Segment Start: Source data

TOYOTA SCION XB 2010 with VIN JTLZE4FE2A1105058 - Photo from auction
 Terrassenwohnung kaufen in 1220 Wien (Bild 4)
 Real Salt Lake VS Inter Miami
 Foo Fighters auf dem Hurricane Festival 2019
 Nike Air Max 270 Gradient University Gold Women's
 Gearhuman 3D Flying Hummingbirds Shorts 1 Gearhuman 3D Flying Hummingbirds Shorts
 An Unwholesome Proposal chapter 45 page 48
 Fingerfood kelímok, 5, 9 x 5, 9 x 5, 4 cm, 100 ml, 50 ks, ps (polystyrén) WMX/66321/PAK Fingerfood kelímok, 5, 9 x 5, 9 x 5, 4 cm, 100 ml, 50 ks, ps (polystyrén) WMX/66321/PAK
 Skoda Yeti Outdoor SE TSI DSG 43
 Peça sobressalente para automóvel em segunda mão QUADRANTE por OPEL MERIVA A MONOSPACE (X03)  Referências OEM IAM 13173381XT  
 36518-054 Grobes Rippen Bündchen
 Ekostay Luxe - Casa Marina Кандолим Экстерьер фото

Segment End: Source data

■ Work item:
Begin with the line above that has "An Unwholesome Proposal chapter 45 page 48" and continue through the line that has "Skoda Yeti Outdoor SE TSI DSG 43", setting each one down exactly. Stop there.

■ Result of the exercise:
 An Unwholesome Proposal chapter 45 page 48
 Fingerfood kelímok, 5, 9 x 5, 9 x 5, 4 cm, 100 ml, 50 ks, ps (polystyrén) WMX/66321/PAK Fingerfood kelímok, 5, 9 x 5, 9 x 5, 4 cm, 100 ml, 50 ks, ps (polystyrén) WMX/66321/PAK
 Skoda Yeti Outdoor SE TSI DSG 43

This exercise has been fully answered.